Convolution Integral

The convolution integral tells you how two functions combine when one is shifted across the other. In continuous time, it is defined by

$$(f * g)(t) = \int_{-\infty}^{\infty} f(\tau) g(t-\tau)\,d\tau$$

The fast intuition is simple: for each value of $t$, slide one function, find where the two functions overlap, multiply their values on that overlap, and add the result. If both functions are causal, meaning they are zero for negative time, this often becomes

$$(f * g)(t) = \int_0^t f(\tau) g(t-\tau)\,d\tau$$

for $t \ge 0$, as long as $[0,t]$ captures the full overlap. The main idea is practical: convolution turns sliding overlap into one number for each value of $t$.
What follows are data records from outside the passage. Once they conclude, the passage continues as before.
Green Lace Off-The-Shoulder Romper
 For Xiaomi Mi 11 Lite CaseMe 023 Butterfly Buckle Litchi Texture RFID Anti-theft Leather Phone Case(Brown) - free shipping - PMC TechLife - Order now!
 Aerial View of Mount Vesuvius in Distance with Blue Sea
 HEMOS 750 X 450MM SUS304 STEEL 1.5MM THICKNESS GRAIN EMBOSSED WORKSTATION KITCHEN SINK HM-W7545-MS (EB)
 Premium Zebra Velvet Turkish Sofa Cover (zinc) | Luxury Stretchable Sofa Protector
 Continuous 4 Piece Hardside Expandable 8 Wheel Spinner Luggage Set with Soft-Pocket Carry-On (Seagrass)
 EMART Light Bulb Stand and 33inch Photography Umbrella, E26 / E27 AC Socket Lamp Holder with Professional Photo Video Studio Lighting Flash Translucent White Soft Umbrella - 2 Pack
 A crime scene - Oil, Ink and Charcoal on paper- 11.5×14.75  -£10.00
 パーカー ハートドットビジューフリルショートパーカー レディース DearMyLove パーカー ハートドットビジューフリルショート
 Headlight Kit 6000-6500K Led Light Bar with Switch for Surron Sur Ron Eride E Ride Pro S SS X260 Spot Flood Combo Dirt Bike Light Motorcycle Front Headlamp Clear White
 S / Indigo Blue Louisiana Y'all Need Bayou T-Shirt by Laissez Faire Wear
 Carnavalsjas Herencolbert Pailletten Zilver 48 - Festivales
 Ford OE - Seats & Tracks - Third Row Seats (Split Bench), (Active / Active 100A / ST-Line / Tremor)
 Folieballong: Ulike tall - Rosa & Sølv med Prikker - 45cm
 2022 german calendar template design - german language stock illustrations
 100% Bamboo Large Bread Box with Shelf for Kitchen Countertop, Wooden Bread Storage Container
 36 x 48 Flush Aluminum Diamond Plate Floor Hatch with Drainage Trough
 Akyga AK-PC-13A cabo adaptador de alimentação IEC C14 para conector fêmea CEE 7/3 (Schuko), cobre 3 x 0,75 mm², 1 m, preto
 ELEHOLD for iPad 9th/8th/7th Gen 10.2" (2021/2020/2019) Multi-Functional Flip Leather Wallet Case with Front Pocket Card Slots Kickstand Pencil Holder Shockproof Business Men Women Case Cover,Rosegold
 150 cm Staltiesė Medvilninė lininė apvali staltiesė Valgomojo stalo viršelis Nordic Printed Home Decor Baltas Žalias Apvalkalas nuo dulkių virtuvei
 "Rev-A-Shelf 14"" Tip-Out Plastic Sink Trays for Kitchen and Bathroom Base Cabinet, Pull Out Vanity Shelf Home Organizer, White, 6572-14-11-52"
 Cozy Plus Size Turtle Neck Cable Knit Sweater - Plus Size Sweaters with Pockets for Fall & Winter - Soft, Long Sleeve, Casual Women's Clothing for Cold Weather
Convolution Integral Definition And Intuition

Think of $f(\tau)$ as fixed and $g(t-\tau)$ as a flipped, shifted copy of $g$. As $t$ changes, the overlap changes, so the integral changes too.

That is the main difference from pointwise multiplication. You are not comparing the two functions at the same input. You are adding products across the whole region where the shifted copy overlaps the original.

Why The Overlap Determines The Limits

The limits in a convolution problem usually do not come from memorizing a template. They come from asking where both factors are nonzero.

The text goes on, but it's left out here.